“Гимн” — первый из циклов-поэм по времени создания и публикации — предшествует остальным, как издревле хвала богам и молитва предшествуют всякому достойному делу. Это и впрямь гимны любви, причем одновременно и в честь любви (“сути пространства и времени”), и рожденные любовью, которая, вбирая любые оттенки, присутствует здесь как эмоциональная окраска буквально в каждом слове и охватывает весь классический спектр смыслов — от любви к любимому до любви к родине. Так, что и в “Ванной комнате” —
Я курю фимиам, а он пенится, словно шампунь,
Я купаю тебя в моей глубокой любви.
Я седа, как в июне луна, ты седой как лунь,
Но о смерти не смей! Не смей умирать, живи!
Ты глядишь на меня, как сквозь воду владыка морей,
Говоришь, как ветер, дыханьем глубин сквозя:
Кто не помнит о гибели, тот и помрет скорей,
Без раздумий о смерти понять и жизни нельзя...
Лирический пафос, “безмерность” чувства, только усиливается через юмористическое снижение, и хотя “море” и “глубокая любовь” уподобляются “низкому” бытовому “ванна”, а “фимиам” — “шампуню”, любовное чувство — “купанию в ванной” и лирический адресат — шутливо-гиперболическому “владыке морей”, слова дружат, смыслы проникают друг в друга, чтобы практически на наших глазах слиться в горькой и пронзительной концовке “А на зеркале плачет моими слезами пар”. И как резкий крик чайки над этим морем: “Но о смерти не смей!”
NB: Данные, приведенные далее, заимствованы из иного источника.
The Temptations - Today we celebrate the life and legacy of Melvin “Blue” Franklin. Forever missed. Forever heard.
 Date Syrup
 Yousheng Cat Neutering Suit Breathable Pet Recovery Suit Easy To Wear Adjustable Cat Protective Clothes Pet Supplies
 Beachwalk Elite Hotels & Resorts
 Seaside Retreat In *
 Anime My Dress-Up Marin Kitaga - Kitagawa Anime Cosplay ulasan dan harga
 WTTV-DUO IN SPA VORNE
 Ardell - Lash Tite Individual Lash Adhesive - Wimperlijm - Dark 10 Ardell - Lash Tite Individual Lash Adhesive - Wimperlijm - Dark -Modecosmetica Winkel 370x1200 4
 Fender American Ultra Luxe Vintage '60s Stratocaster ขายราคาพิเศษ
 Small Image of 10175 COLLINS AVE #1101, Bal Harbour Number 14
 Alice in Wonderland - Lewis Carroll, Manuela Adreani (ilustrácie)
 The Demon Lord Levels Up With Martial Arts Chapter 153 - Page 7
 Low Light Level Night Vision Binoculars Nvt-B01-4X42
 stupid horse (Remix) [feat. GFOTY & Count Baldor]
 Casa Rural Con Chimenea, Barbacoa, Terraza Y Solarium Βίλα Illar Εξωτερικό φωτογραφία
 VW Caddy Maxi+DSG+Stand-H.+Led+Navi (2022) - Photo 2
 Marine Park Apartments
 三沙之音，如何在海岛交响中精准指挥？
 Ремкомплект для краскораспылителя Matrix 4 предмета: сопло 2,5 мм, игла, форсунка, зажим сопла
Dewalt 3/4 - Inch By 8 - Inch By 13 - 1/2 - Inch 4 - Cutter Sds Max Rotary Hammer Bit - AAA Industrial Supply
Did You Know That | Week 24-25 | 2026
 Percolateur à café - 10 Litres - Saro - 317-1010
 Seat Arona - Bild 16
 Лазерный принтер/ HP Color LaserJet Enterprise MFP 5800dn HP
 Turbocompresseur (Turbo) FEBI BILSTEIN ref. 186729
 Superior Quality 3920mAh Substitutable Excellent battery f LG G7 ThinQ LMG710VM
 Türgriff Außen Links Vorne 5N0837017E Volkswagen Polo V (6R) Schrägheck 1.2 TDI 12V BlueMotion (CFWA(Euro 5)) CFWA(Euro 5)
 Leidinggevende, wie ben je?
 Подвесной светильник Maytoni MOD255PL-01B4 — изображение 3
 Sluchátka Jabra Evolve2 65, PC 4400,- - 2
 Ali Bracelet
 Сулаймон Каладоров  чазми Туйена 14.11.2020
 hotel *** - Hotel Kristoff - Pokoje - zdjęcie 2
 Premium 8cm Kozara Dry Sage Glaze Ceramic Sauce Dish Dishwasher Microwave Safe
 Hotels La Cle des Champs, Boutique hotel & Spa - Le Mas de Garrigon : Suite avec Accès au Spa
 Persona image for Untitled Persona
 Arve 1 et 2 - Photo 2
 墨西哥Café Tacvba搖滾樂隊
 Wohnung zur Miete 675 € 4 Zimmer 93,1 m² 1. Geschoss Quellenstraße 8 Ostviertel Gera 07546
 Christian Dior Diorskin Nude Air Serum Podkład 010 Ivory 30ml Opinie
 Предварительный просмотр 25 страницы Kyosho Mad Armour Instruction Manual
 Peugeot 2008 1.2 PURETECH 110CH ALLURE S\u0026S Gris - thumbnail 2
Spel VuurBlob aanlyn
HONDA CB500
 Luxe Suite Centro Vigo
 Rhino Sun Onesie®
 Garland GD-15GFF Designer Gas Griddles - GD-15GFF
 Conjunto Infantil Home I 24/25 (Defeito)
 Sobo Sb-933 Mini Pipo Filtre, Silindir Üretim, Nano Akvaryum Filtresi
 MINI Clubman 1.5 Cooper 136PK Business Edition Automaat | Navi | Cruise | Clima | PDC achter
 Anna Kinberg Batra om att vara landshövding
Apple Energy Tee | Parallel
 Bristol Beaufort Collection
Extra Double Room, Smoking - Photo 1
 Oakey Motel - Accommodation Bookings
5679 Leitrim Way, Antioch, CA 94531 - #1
От стихов — ощущение полной свободы, естественности и достоинства — при том, что новая Лиснянская не боится никаких тем, никакого ракурса и никакого стиля: ни литературности, ни утрированно бытовой детали, ни пафоса, ни острой самоиронии. Появилось четырехмерное, учитывая временнбую координату, и многослойное вбидение, как, например, в “В лесу”, где подразумеваемые две склонившиеся фигуры собирающих ягоды людей представляются во внутреннем монологе как сцена патриархального поклонения жены мужу:
Я — жена твоя и припадаю к твоим стопам, —
Увлажняю слезами и сукровицей ребра,
Из которого вышла, а ты, мой свет, мой Адам,
Осушаешь мой лоб, ибо почва в лесу сыра.